My first thought was to pick the dream shade to lessen the miasma. I spotted it quickly upon returning, its name appearing over an offensively bright pink flower, gently swaying despite there being no breeze. I moved towards it.
“There’s too much of it,” Ellie said. “Just pick the herbs we need.”
I acknowledged her with a nod, then referred to my quest log to see what ingredients I needed. The cinderflake was easy to spot, for it was the only plant growing in a patch of sand. Black moss was trickier, but I found some by turning over a rock placed in the shadow of the tree. Scouring the garden, I found them all. One fingleweed, five dead looking whitherweeds, five snappersaw plants – receiving two bites for my troubles – and, finally, the bile blossoms. The blossoms stunk worse than a men’s locker room with a broken AC unit and the janitor on vacation. But I’d done it. All the ingredients had been collected with breath to spare.
It was almost too easy. I’d need to get a move on lest Azrael send more players to corner me, though I knew I might not get another chance to return to this room and I’d regret not rooting around for some items. I ought to scavenge.
As the final seconds ticked down upon on my breath meter, I made a dash for the edge of the room where glass cabinets lined the wall, the promise of loot inside.
“I told you, they ransacked the place,” Ellie said.

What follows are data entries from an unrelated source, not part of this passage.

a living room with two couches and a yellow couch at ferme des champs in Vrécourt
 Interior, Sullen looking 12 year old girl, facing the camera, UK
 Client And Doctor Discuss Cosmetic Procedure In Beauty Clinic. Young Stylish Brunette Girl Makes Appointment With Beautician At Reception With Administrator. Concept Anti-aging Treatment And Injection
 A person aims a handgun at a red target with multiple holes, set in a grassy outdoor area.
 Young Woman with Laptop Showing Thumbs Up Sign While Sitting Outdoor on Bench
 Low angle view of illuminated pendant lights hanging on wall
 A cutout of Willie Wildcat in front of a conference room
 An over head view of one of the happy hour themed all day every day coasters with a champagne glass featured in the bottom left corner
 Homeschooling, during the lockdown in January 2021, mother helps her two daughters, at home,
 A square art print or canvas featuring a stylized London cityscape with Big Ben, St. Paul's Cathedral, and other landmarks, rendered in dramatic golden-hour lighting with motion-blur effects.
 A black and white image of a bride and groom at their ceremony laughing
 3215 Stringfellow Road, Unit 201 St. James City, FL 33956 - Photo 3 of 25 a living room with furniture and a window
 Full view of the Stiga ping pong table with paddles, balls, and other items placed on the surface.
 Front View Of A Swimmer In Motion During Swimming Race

“There’s got to be… something,” I said, drifting back to a happier place as I was forced to inhale again. Feeling dazed, I scanned my surroundings as best I could. The cabinets were all open. Their locks had been picked and their valuables stolen. Whatever powerful gear had been in there was now out of my reach, but I could only ever have broken it down. By the alchemy bench, I saw a near-empty shelf of potions; all the powerful combat enhancers and health restorers had gone. They’d left some mana potions though, probably thinking it was not all that useful for me. Limited by their own bag space, they’d left what they thought was unthreatening.